Algonquin citygates, which had peaked at $9.50 the day before, topped out at only $8.65 Wednesday and fell about 80 cents on average into the mid $8.00s.

The icy and snowy conditions that are expected to continue plaguing the Midwest and Northeast into the weekend will move eastward from Missouri and northern Arkansas into Kentucky and Tennessee Wednesday and eventually occupy the northern portions of Mississippi, Alabama and Georgia, according to The Weather Channel. By Friday, winter storms will be visiting the western Carolinas and southern Virginia, it added.

In addition to new OFOs being declared by Northern Natural Gas and Sonat (see Transportation Notes) and Florida Gas Transmission extending its Overage Alert Day (OAD) notice into at least a third day, Tennessee told shippers that it anticipates much colder temperatures in the supply area over the next several days that “are likely to cause loss of production due to [wellhead] freeze-offs.” If necessary, it will declare an OFO if such conditions threaten system integrity, Tennessee said.

However, NGI sources tended to downplay such talk. “I think the freeze-off notice was just a pre-emptive strike by Tennessee” to try to get customers to watch their daily balancing more carefully, a Gulf Coast marketer said. He saw a possibility for “a few” land wells to freeze up, but not offshore, saying, “It won’t get that cold” in the Gulf of Mexico.

Although he doesn’t trade on Tennessee, a western marketer also didn’t expect any significant production losses from frozen wellheads. Most of the “extreme cold” is north of Oklahoma, he pointed out, although he conceded that meant Kansas might be a candidate for freeze losses.

A Midcontinent trader also questioned the likelihood of any wellheads freezing. “It would sure surprise me. Little Rock [AR] is seeing lows in the upper 20s, so I doubt that any production area would be getting cold enough.
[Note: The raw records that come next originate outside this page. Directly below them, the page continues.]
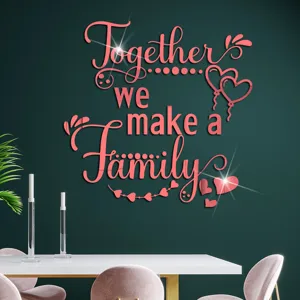 Adhesivo de pared espejo acrílico con texto y corazones, vista detallada del producto.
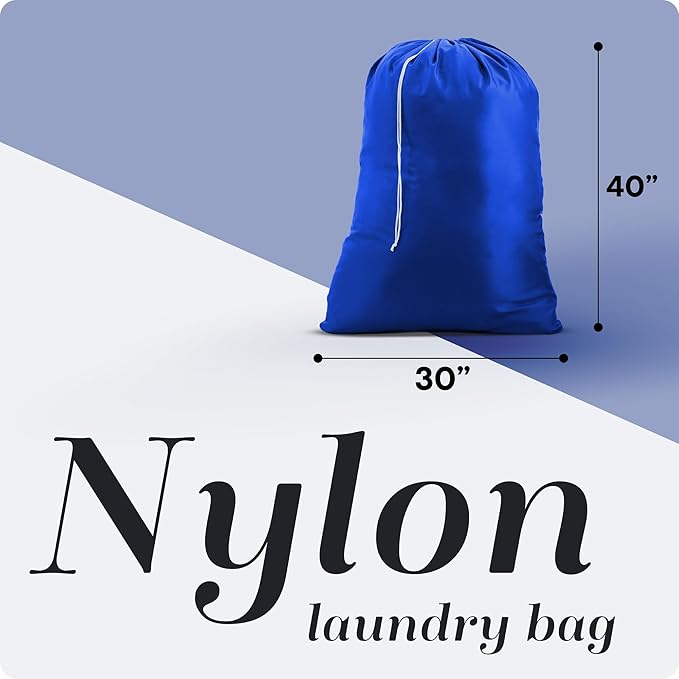 Handy Laundry Nylon XL - Large Capacity with Locking Drawstring, Machine Washable, Fits Laundry Baskets or Hampers, Holds 3 Loads of Clothes - Royal Blue (Pack of 2)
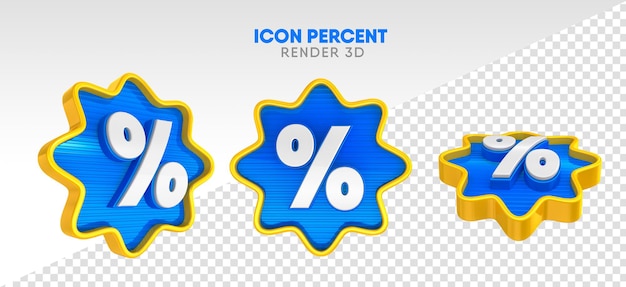 Realistisch 3d-pictogram met procentsymbool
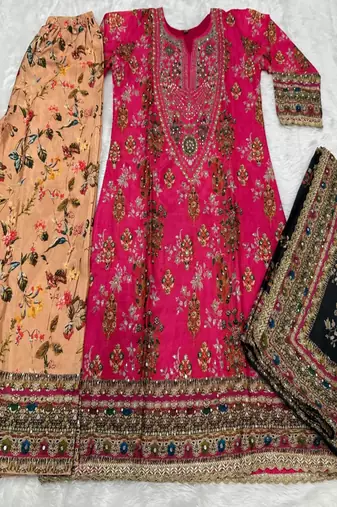 Rani pink heavy chinon silk blend digital print hand work kurta pant dupatta set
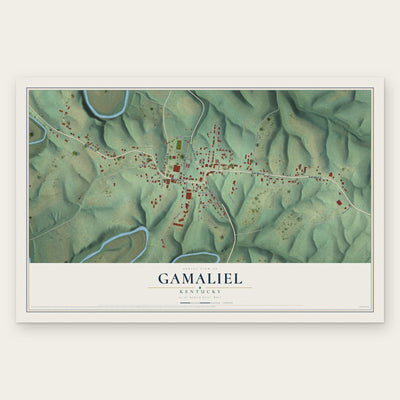 Gamaliel, Kentucky map print, the full design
Rumors like those sometimes make me wonder if [people] are trying to jack up prices.”

One source said he didn’t know why the screen made a big run-up of more than 30 cents, “but it doesn’t take that much to push Nymex around these days.” Another trader said that while the gas contract appeared to ignore Tuesday’s strength in the neighboring crude oil and heating oil pits, he thought gas probably followed oil higher Wednesday. Crude gained nearly a dollar and settled above $33/bbl after a drop in stockpiles was reported. Both sources said cash likely will get a moderately firming influence Thursday from Wednesday’s futures gain.
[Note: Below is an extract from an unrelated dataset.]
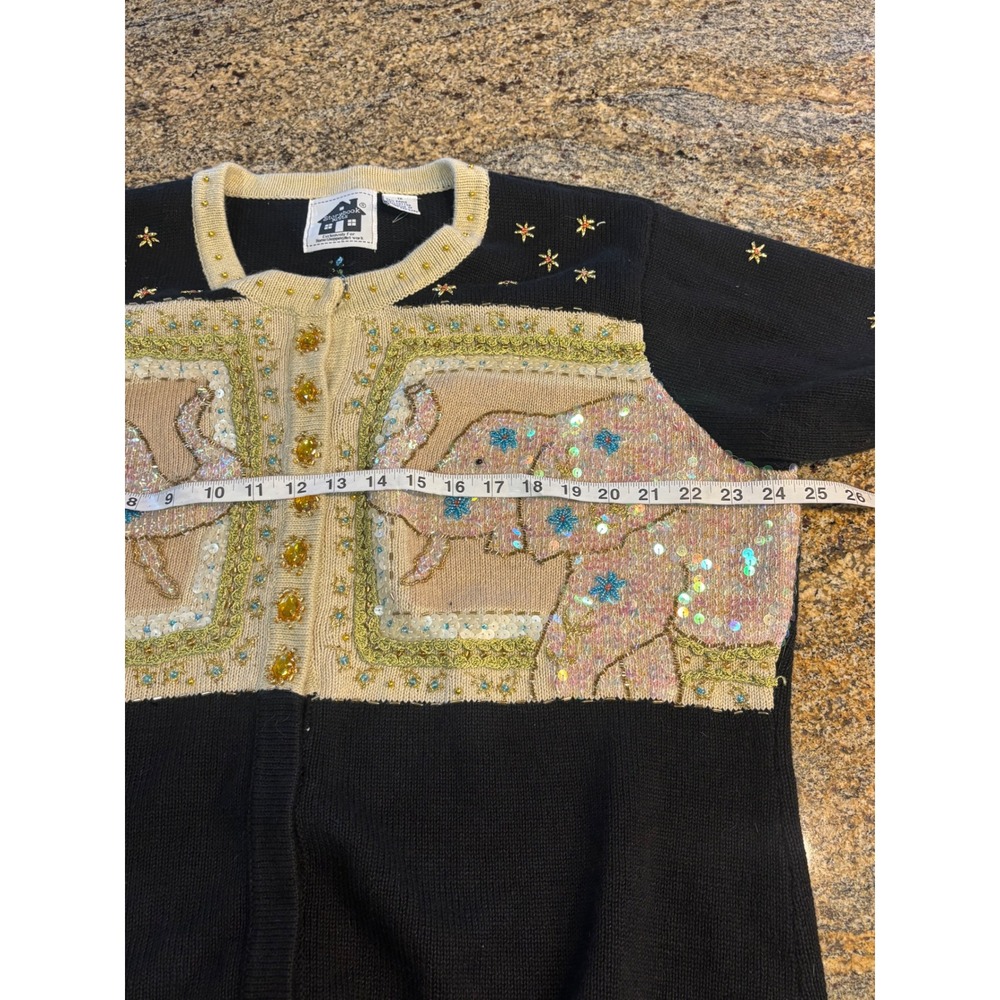 Vtg Storybook Knits 1X Black Elephant Sequin Embellished Button Cardigan Sweater - Picture 6 of 13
A Florida utility buyer expects FGT to keep its most recent OAD in place for a while longer “because we’ll stay cold through the weekend.” In fact, he thought the pipeline “could have a real problem” Saturday and Sunday because a lot of Florida is expected to experience temperatures in the 30s then. Despite the forecast, Florida citygates fell a dime into the mid $5.40s.
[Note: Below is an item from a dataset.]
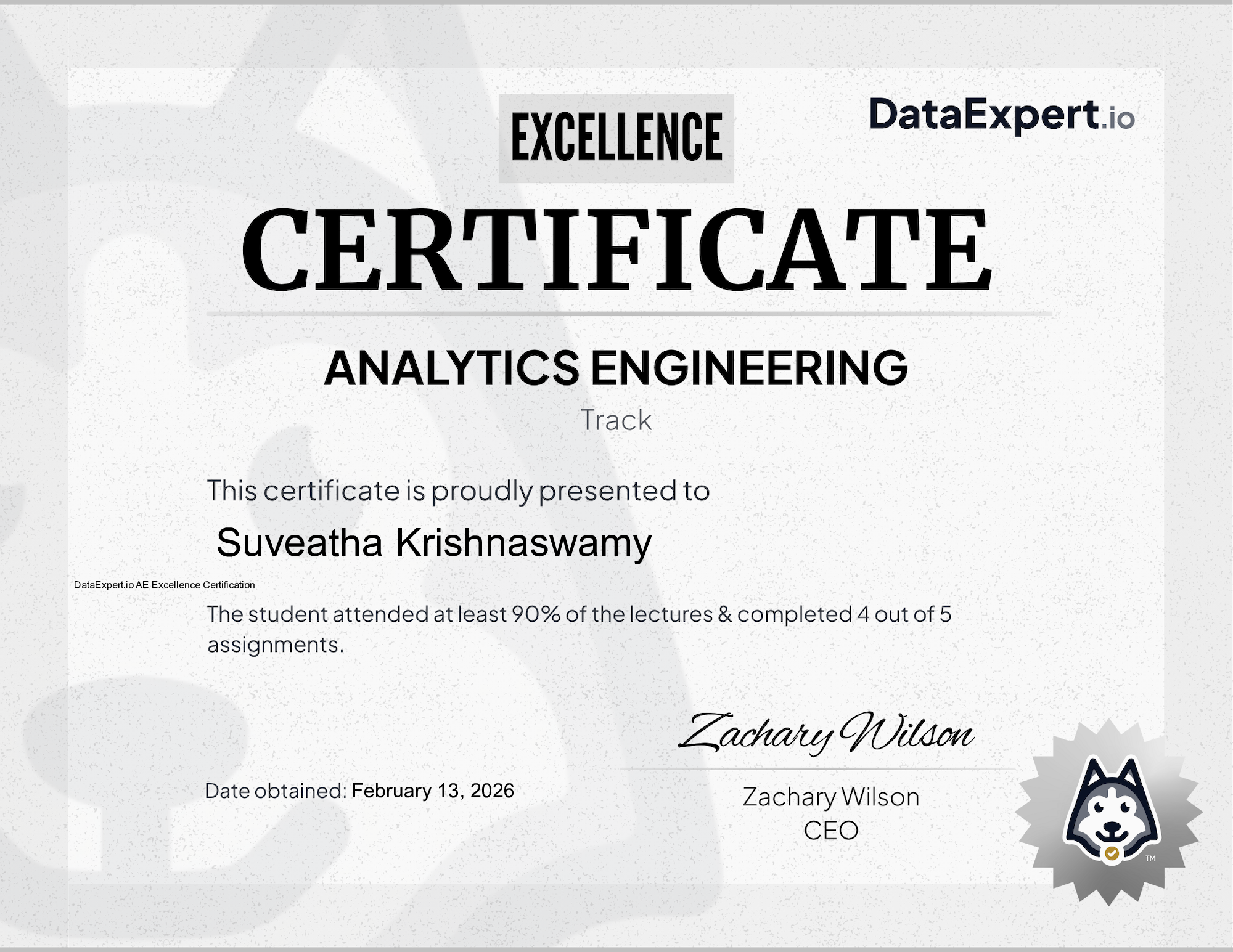 Suveatha Krishnaswamy - DataExpert.io AE Excellence Certification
The expected spread of a cold front into Texas Thursday was a key to small upticks at Waha and El Paso-Permian, a western marketer said. “I’ve had days recently when the phone line stayed quiet, but today [Wednesday] was one of those when it rang frequently.” Most Waha and Permian gas was going east to meet intrastate Texas demand or north to Northern Natural demarcation point, he said.

“It will be interesting to see what happens with storage tomorrow [Thursday],” a Gulf Coast producer said. “Our guys are expecting a 110-120 Bcf withdrawal, but a lot of people say it will be below 100. I’m guessing it will be at least 120, but I have been wrong so much lately.” The market will remain strong even if the EIA’s estimate is low, he said, because weather fundamentals will keep prices high. “The next report [on Jan. 23] will be huge, 200 Bcf or more,” he predicted.

The screen spike took some production-area cash with it, the producer continued, but the market area came down, “bringing in the spreads.” Long-haul transport was getting cut on some pipes, “even Secondary Firm,” he added.

Meanwhile, a marketer commented, “Our storage guys are calling for a 130 Bcf withdrawal” in Thursday morning’s report. “But I haven’t heard much. There used to be office pools on this stuff, but not any more. The fun has been sucked out of our industry.”